We designed our first assembly in a way that it could be “easily” printed by the machines available at the school. The main requirement was that the parts to be printed should not exceed a 200mmx200mmx200mm dimension.
In the design, we used an average thickness of 3mm on all the walls of the machine and no single part was larger than 100mm in height, depth, or width. Despite the efforts to make the parts as thin and small as possible, and that all the parts were inside the required parameters for a printable part, we were not allowed to print them. The average printing time for some of the smaller parts was up to 19 hours of printing, and that was the calculated time if no errors or fails happened in the printing process. We had three equal assemblies to be printed, and that would bring us up to a printing work of several days which made us have to switch strategy and change the manufacturing process as well as the design.
We were advised to choose wood and the laser cutter to produce our parts.
While the assembly design remained the same, all of its constituents parts had to be redesigned, since using wood and the laser cutter requires using 2 dimensional drawings and a completely different assembly approach.
One of the challenges in the design is the fact that some of its parts are round. We want to have control over the level of powder inside our dispensers, and for that to happen we will have to build some of the parts in Plexy glass. The idea is to create a small, narrow window in the front of the dispenser, but since the part is relatively tall, and it will be cut in a way that it will allow it to bend, we will have to use 4mm plywood to ensure enough strength to the part, and 1mm Plexy glass for the window.
Another challenge is to get the dispenser system enough sealed so that the coffee or tea powder won’t get inside the engine and sprockets compartment.
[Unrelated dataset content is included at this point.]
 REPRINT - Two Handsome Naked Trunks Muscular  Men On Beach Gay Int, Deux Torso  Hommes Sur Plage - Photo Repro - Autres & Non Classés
Using wood will make it hard to get the mechanism completely sealed, and the use of other materials will have to be considered.
To assemble the parts together we will use a type of super glue that is specifically specified for porous materials.

(10.10.17)

Denne uken har vi klart å få fram den første prototypen av en av våres dispenser. Sånn dere kan se på bilde under har vi valg å gå for tre material på grunn av det er den eneste material type som vi har tilgang til. Dispenser blir delt oppi to deler der toppen er beholder til kaffe eller andre påfylling vare. På under siden ligger det to roterende tannhjul der en av dem koblet til stepmotor sånn blir styrt av arduino, tannhjul som er koblet til stepmotor skal styre andre tannhjul som er til porsjon måler der hvert av rutene inni tannhjul har en volum like mye som halv teskje.

 

 

(31.10.2017)

Mechanical engineering work progress (2):

After cutting the individual parts of the dispensers and putting them together, we started planning how the main body of the machine would look like. We tried to combine ideas from the initial drawings made individually by all team members, and conceived a rough sketch of how the machine would look like.

We started at the top where the dispensers will sit.
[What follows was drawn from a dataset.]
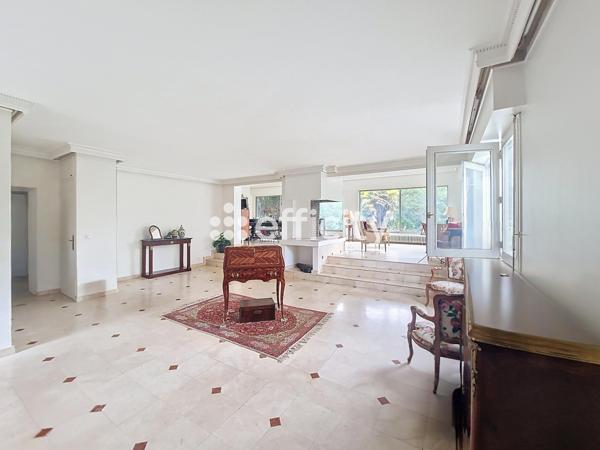 Maison 10 pièces - 220 m² Bien prestige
From there we went on by designing the rest of the machine, and made various small changes in the process. We are trying to avoid sharp corners as much as we can in the design. That is not the easiest task if we take in consideration the materials we are using.

One of the challenges encountered when drawing a 3-dimensional assembly that needs to be composed of “2D” (excluding thickness) elements are the round parts/edges, and to make it correctly so it fits properly. But not dealing with that would result in a square box with no special design.

The amount and size of all the electric components, and mechanisms that need to fit inside the machine is quite big, which resulted in a voluptuous machine. To make it more appealing design wise the dispensers suffered a considerable change in size, without affecting the main purpose of the machine and its intended functions. In mounting the parts together of the machine body, we had to use some pieces of 2×2 wood and screws which served as a kind of improved chassis and turned the structure sturdier.

We will continue to design now a grid for the bottom of the machine and a part that can help deliver the different powders to the cup as well as a solution for creating a water dispenser that doesn´t leak.

(07.11.2017)

Mechanical engineering work progress (3):

This week we accomplished the design and production of the smaller powder dispensers, the bottom grid of the machine and the part that will help deliver the powder to the cup.

We also managed to assemble the mechanism of the 3 dispensers. To fasten the small step engines in wood pins was a bit of a challenge. We had to use an activator, and super glue. The engine exerts a relatively high torque (Considering its size and mount properties) on the mounts, to ensure a snugged fit we added hot glue at the connections.

As a rotation pin for the dispenser wheel, we used a ø 5mm steel rod and fixed it also with super glue.

 

When we designed the part for powder distribution we didn´t knew how big the cup would be, so to make sure we had room, we used an angle of 13 degrees on the part, so we could end up with at least 16cm clearance.

After the part was cut and assembled, we ran a simple test by pouring coffee on it. The test showed us that the inclination on the part was not sufficient to overcome friction between the powder and the Plexiglas surface of the part. Since we now know that the cup is no bigger than 11cm, we can now redesign the part and increase the angle by 12 degrees.

 

(14.11.2017)

Mechanical engineering work progress (4):

The machine is starting to get some shape now.

Almost all the electronic components are fitted inside and the question about the operating buttons came up.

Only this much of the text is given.